Inequality in Venezuela has indeed decreased relatively quickly since 1999 – the second fastest decrease after Ecuador, which has also had left-leaning governments (though a far more unstable political context, with five different presidents since 1998). Three things are worth noting about the context of these trends, however.
First and most important is that this reduction in inequality is not driven by direct redistribution: there is barely any difference between the “market” gini index (our measure of inequality before taxes and transfers) and the “net” gini index (our measure of inequality after taxes and transfers). To the extent that the reduction in inequality is the result of government action rather than something else, it must have come about through measures like investment in human capital and labor market policies (see Morgan and Kelly 2012, ungated here, for the proper peer-reviewed argument).
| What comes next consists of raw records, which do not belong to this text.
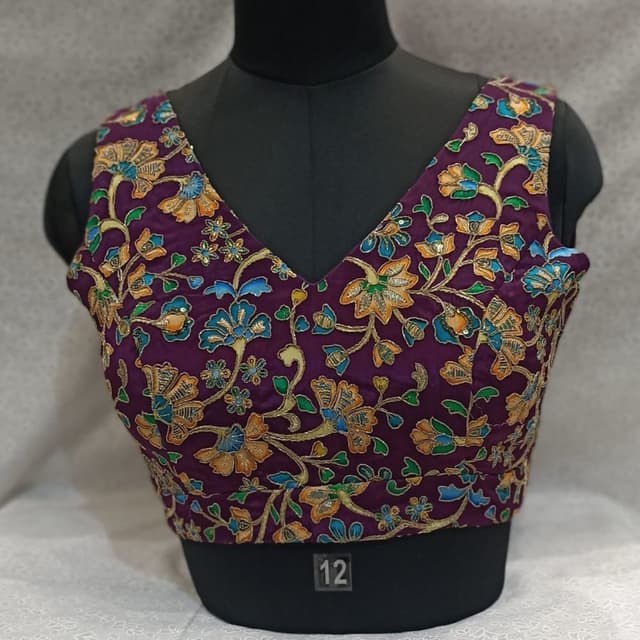 Purple with floral embroidery in orange, blue, green, and gold Blouse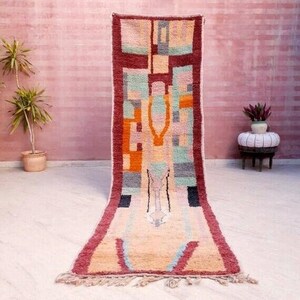 May include: A long, rectangular rug with a geometric pattern in shades of red, orange, green, blue, and beige. The rug has a fringe on the ends.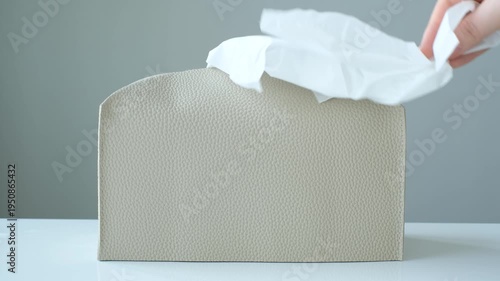 A hand pulls paper napkins out of box.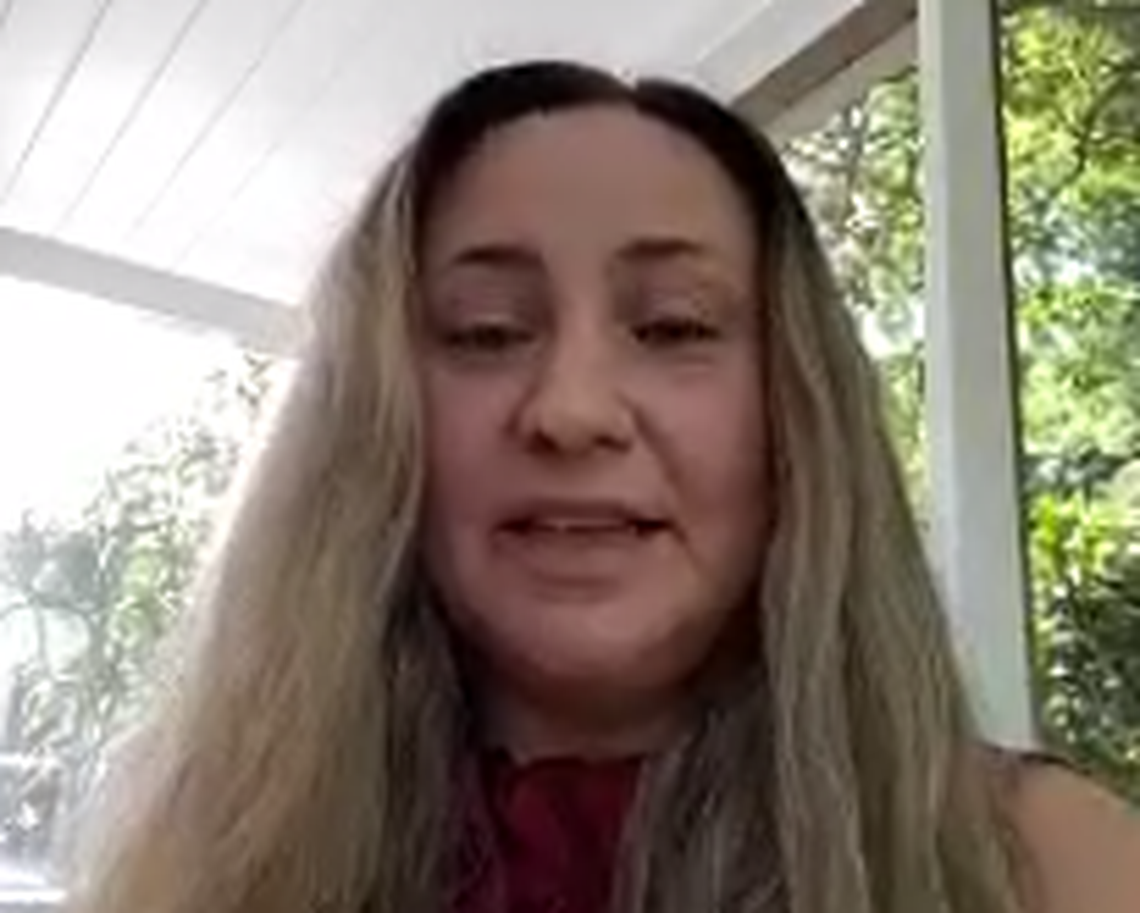 Kristina Hernandez is a medical technologist at Largo Medical Center. She says the surge in cases has left staffing low and her colleagues stressed and overworked.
This is true of all Latin American countries save for Puerto Rico (which is part of the USA in a sense) and (to a lesser extent) Brazil; indeed, redistribution in some countries (Peru) appears to have perversely increased inequality.
Second, most Latin American countries have experienced reductions in inequality during this period, though most remain highly unequal. But Venezuela was already among the most equal countries in Latin America; in 1999, only Uruguay and Costa Rica had lower measured inequality (and the difference in net gini was within the margin of measurement error, so it should probably be disregarded). This surprised me; I had expected higher levels of inequality in Venezuela when compared to other countries, given the level of class conflict on display during the Chavez era. More surprisingly perhaps, if we take a broader look we discover that inequality in Venezuela appears to have been remarkably stable over the past fifty years, fluctuating around a flat trend…
Finally, it’s probably worth noting that Venezuela’s economic fortunes are deeply tied to oil prices, and that the rapid reduction in inequality in the last decade or so should also be placed in the context of the very large rise in the value of oil and gas during this period.
Thanks. And the conclusion:
In other words, over the last half-century, the income of the poor has risen fastest under regimes that have not been on average highly democratic, but also has grown least in these regimes; non-democracy looks like a (potentially quite bad) gamble, though both democracy, long-run inequality, and the long-run growth rate of the income of the poor are probably determined by (or are a reflection of) some deeper social fact, like state capacity, which is not really susceptible to policy intervention.